_What to do_.
Pick out each line below containing "Ford".

▶

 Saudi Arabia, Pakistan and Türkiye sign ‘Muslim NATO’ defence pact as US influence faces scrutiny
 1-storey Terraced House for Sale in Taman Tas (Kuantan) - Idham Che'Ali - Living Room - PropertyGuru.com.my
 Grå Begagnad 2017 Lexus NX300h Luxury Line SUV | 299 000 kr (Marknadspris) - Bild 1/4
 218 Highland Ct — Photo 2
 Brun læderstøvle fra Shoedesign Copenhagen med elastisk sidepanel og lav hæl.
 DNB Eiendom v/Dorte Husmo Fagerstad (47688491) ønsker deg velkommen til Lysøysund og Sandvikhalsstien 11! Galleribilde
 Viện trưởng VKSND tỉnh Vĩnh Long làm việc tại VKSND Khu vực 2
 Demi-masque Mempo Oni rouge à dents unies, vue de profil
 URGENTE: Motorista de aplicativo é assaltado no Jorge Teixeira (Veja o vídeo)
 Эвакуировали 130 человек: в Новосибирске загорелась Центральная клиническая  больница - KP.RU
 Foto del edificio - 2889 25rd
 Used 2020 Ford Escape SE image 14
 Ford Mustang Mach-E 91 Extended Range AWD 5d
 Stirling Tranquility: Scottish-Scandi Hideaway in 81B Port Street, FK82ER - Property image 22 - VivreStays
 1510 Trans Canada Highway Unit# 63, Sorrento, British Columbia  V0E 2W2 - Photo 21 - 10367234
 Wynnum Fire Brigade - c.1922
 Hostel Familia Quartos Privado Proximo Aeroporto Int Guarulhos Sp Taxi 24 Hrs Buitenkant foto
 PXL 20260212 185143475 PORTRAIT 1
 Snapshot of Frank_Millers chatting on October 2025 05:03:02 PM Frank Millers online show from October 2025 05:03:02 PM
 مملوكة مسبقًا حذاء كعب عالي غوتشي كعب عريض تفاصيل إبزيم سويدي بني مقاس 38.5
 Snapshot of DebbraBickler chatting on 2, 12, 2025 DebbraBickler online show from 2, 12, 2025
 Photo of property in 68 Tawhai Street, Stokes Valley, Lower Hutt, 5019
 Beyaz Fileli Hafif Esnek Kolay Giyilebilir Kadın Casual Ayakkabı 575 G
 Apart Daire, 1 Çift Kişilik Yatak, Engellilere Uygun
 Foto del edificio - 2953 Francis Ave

◀

_Response for this exercise_.
 Used 2020 Ford Escape SE image 14
 Ford Mustang Mach-E 91 Extended Range AWD 5d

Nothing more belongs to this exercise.